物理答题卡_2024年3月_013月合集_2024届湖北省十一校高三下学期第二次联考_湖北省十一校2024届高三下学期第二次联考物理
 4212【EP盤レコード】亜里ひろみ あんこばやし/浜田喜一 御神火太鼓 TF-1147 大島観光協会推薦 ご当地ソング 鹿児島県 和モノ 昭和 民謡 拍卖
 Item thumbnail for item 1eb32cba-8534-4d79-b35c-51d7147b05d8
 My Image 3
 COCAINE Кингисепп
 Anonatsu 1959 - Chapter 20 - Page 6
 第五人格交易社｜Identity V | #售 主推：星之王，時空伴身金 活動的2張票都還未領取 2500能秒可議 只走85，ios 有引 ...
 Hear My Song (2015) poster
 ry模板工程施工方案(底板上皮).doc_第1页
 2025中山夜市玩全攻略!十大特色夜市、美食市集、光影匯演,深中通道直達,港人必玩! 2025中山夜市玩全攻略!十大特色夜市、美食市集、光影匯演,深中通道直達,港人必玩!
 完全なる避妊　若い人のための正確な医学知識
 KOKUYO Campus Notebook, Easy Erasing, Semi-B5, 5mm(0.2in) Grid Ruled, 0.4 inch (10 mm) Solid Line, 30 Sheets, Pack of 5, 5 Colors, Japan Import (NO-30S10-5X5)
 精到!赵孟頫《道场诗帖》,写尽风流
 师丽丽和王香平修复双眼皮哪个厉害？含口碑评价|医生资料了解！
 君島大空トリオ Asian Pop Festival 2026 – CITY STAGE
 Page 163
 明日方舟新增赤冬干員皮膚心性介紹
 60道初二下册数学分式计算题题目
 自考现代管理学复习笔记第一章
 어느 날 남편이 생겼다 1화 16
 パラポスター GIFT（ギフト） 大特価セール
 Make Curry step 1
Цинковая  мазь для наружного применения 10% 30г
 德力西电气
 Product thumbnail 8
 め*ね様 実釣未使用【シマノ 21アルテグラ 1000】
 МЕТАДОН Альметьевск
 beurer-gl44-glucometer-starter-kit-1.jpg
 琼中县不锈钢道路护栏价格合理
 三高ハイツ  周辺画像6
• • •
Assignment:
The result should be every line of the material that contains the word "Page", so copy those lines.

Exercise solution:
 Anonatsu 1959 - Chapter 20 - Page 6
 Page 163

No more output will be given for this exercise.